Rodeado por sobreviventes e familiares de vítimas de tiroteios e apresentado por Mark Barden, cujo filho de sete anos, Daniel, foi uma das vítimas do ataque à escola de Sandy Hook, que fez duas dezenas de mortos em 2012, Barack Obama garantiu: “Sempre que penso naqueles miúdos, ficou furioso”. O presidente americano não conteve as lágrimas num dos momentos mais emotivos de um discurso na Casa Branca durante o qual anunciou novas medidas para o controlo das armas. Entre elas a obrigatoriedade da licença para todos os vendedores e uma análise minuciosa do historial dos compradores.
Obama, que deixa a Casa Branca em 2017, recordou como o tiroteio em Sandy Hook foi um dos momentos mais difíceis dos seus dois mandatos como presidente. Já na altura, o democrata tentara impor maiores restrições à venda de armas, num país que para 330 milhões de habitantes tem 270 milhões de armas de fogo.
“Esse dia mudou-me”, garantiu ontem o presidente, que lamentou que desde então tenham continuado a morrer pessoas em incidentes com armas de fogo. Por isso, Obama sublinhou que chega de desculpas e afirmou estar ali “não para debater o último tiroteio, mas para impedir o próximo”.

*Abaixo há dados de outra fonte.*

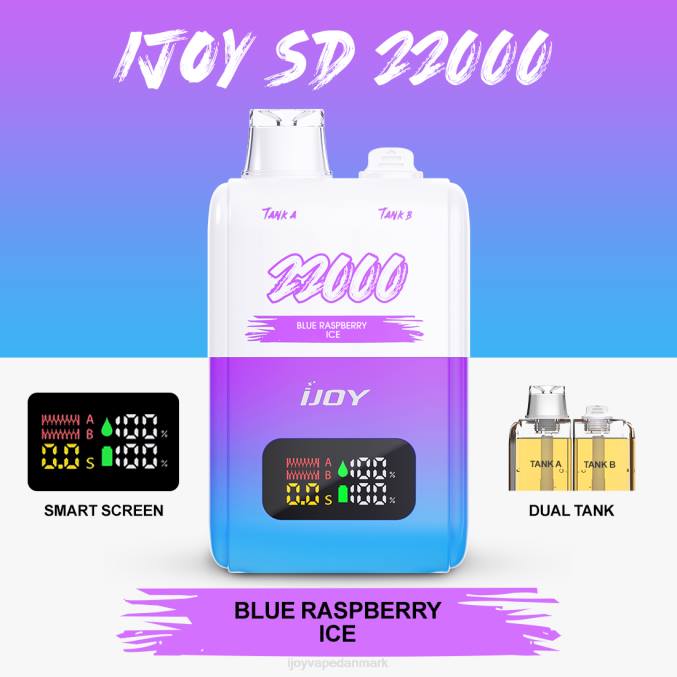 iJOY Vapes Online - iJOY SD 22000 engangs 60N4149 blå hindbæris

Para travar uma violência relacionada com as armas que só na última década matou cem mil pessoas, Obama apresentou um plano em vários pontos. O primeiro encarrega a agência para o Álcool, Tabaco, Armas de Fogo e Explosivos (ATF, na sigla em inglês) de garantir que qualquer pessoa que vende uma arma – seja numa loja, numa feira ou online – é obrigado a ter licença. E é também obrigado a fazer uma análise detalhada ao background dos compradores. Quem não cumprir estes requisitos incorre em penas até cinco anos de prisão e 250 mil dólares de multa.
O objetivo é impedir que as armas acabem nas mãos de indivíduos perigosos. Para tal, o presidente anunciou ainda que o FBI, a polícia federal americana, vai contratar 230 funcionários que se irão dedicar a processar o historial dos compradores de armas, 24 horas por dia, sete dias por semana.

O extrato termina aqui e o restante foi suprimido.